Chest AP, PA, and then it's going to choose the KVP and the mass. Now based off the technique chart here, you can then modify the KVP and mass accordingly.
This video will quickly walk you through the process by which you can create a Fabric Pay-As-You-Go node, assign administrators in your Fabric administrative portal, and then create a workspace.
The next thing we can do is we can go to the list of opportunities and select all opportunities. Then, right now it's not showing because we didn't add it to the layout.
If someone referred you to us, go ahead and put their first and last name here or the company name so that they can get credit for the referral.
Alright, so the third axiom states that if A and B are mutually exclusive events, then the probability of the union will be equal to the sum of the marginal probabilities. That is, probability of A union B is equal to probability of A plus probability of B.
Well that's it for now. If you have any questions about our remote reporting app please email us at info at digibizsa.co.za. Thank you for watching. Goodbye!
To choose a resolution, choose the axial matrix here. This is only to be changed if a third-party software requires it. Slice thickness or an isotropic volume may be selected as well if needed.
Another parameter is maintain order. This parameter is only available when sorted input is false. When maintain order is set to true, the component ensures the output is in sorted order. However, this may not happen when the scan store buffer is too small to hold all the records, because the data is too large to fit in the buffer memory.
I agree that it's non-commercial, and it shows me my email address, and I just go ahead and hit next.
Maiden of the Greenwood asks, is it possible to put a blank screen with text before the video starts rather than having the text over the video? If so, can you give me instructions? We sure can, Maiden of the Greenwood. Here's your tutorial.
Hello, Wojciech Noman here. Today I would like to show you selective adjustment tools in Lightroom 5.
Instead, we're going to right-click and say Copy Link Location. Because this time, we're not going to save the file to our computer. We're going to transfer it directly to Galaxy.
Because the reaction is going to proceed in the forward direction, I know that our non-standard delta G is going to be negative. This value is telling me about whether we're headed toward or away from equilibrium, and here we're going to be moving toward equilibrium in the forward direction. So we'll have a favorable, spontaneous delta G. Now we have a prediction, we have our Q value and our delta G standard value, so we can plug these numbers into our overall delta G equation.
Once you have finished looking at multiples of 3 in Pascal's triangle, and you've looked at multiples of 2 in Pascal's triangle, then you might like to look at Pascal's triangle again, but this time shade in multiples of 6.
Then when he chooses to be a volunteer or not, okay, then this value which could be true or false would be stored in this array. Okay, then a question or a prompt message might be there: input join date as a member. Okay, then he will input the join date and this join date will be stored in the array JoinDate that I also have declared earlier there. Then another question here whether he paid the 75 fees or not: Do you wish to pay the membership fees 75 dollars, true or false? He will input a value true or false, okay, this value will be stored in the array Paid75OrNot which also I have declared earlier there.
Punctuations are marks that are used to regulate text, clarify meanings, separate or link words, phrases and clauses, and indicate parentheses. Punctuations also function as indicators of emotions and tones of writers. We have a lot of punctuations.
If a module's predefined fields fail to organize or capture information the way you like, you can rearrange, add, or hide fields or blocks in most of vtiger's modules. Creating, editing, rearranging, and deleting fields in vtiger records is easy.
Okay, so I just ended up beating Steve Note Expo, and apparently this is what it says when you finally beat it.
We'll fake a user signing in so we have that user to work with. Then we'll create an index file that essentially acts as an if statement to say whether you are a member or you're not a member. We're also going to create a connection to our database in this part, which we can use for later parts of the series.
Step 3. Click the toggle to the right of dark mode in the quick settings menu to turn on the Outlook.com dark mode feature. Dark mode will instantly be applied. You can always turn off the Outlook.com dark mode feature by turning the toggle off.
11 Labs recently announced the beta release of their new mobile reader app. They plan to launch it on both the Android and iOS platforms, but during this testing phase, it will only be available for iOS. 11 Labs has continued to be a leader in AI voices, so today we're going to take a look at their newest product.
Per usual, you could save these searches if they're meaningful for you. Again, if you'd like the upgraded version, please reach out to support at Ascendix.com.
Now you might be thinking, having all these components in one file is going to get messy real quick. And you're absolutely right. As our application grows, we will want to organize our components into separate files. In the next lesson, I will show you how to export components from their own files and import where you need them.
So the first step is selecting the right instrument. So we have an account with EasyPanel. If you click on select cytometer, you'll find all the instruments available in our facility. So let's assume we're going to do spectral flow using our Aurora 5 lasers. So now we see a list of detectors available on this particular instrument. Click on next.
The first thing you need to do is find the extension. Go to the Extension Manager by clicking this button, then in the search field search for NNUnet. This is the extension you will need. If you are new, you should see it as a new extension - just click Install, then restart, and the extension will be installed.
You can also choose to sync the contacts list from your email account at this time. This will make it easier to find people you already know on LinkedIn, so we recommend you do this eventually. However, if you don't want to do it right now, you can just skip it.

● ● ● ● ● ● ●

- YOUR TASK
The answer must be the full listing, written out word for word.

- ANSWER SECTION
Chest AP, PA, and then it's going to choose the KVP and the mass. Now based off the technique chart here, you can then modify the KVP and mass accordingly.
This video will quickly walk you through the process by which you can create a Fabric Pay-As-You-Go node, assign administrators in your Fabric administrative portal, and then create a workspace.
The next thing we can do is we can go to the list of opportunities and select all opportunities. Then, right now it's not showing because we didn't add it to the layout.
If someone referred you to us, go ahead and put their first and last name here or the company name so that they can get credit for the referral.
Alright, so the third axiom states that if A and B are mutually exclusive events, then the probability of the union will be equal to the sum of the marginal probabilities. That is, probability of A union B is equal to probability of A plus probability of B.
Well that's it for now. If you have any questions about our remote reporting app please email us at info at digibizsa.co.za. Thank you for watching. Goodbye!
To choose a resolution, choose the axial matrix here. This is only to be changed if a third-party software requires it. Slice thickness or an isotropic volume may be selected as well if needed.
Another parameter is maintain order. This parameter is only available when sorted input is false. When maintain order is set to true, the component ensures the output is in sorted order. However, this may not happen when the scan store buffer is too small to hold all the records, because the data is too large to fit in the buffer memory.
I agree that it's non-commercial, and it shows me my email address, and I just go ahead and hit next.
Maiden of the Greenwood asks, is it possible to put a blank screen with text before the video starts rather than having the text over the video? If so, can you give me instructions? We sure can, Maiden of the Greenwood. Here's your tutorial.
Hello, Wojciech Noman here. Today I would like to show you selective adjustment tools in Lightroom 5.
Instead, we're going to right-click and say Copy Link Location. Because this time, we're not going to save the file to our computer. We're going to transfer it directly to Galaxy.
Because the reaction is going to proceed in the forward direction, I know that our non-standard delta G is going to be negative. This value is telling me about whether we're headed toward or away from equilibrium, and here we're going to be moving toward equilibrium in the forward direction. So we'll have a favorable, spontaneous delta G. Now we have a prediction, we have our Q value and our delta G standard value, so we can plug these numbers into our overall delta G equation.
Once you have finished looking at multiples of 3 in Pascal's triangle, and you've looked at multiples of 2 in Pascal's triangle, then you might like to look at Pascal's triangle again, but this time shade in multiples of 6.
Then when he chooses to be a volunteer or not, okay, then this value which could be true or false would be stored in this array. Okay, then a question or a prompt message might be there: input join date as a member. Okay, then he will input the join date and this join date will be stored in the array JoinDate that I also have declared earlier there. Then another question here whether he paid the 75 fees or not: Do you wish to pay the membership fees 75 dollars, true or false? He will input a value true or false, okay, this value will be stored in the array Paid75OrNot which also I have declared earlier there.
Punctuations are marks that are used to regulate text, clarify meanings, separate or link words, phrases and clauses, and indicate parentheses. Punctuations also function as indicators of emotions and tones of writers. We have a lot of punctuations.
If a module's predefined fields fail to organize or capture information the way you like, you can rearrange, add, or hide fields or blocks in most of vtiger's modules. Creating, editing, rearranging, and deleting fields in vtiger records is easy.
Okay, so I just ended up beating Steve Note Expo, and apparently this is what it says when you finally beat it.
We'll fake a user signing in so we have that user to work with. Then we'll create an index file that essentially acts as an if statement to say whether you are a member or you're not a member. We're also going to create a connection to our database in this part, which we can use for later parts of the series.
Step 3. Click the toggle to the right of dark mode in the quick settings menu to turn on the Outlook.com dark mode feature. Dark mode will instantly be applied. You can always turn off the Outlook.com dark mode feature by turning the toggle off.
11 Labs recently announced the beta release of their new mobile reader app. They plan to launch it on both the Android and iOS platforms, but during this testing phase, it will only be available for iOS. 11 Labs has continued to be a leader in AI voices, so today we're going to take a look at their newest product.
Per usual, you could save these searches if they're meaningful for you. Again, if you'd like the upgraded version, please reach out to support at Ascendix.com.
Now you might be thinking, having all these components in one file is going to get messy real quick. And you're absolutely right. As our application grows, we will want to organize our components into separate files. In the next lesson, I will show you how to export components from their own files and import where you need them.
So the first step is selecting the right instrument. So we have an account with EasyPanel. If you click on select cytometer, you'll find all the instruments available in our facility. So let's assume we're going to do spectral flow using our Aurora 5 lasers. So now we see a list of detectors available on this particular instrument. Click on next.
The first thing you need to do is find the extension. Go to the Extension Manager by clicking this button, then in the search field search for NNUnet. This is the extension you will need. If you are new, you should see it as a new extension - just click Install, then restart, and the extension will be installed.
You can also choose to sync the contacts list from your email account at this time. This will make it easier to find people you already know on LinkedIn, so we recommend you do this eventually. However, if you don't want to do it right now, you can just skip it.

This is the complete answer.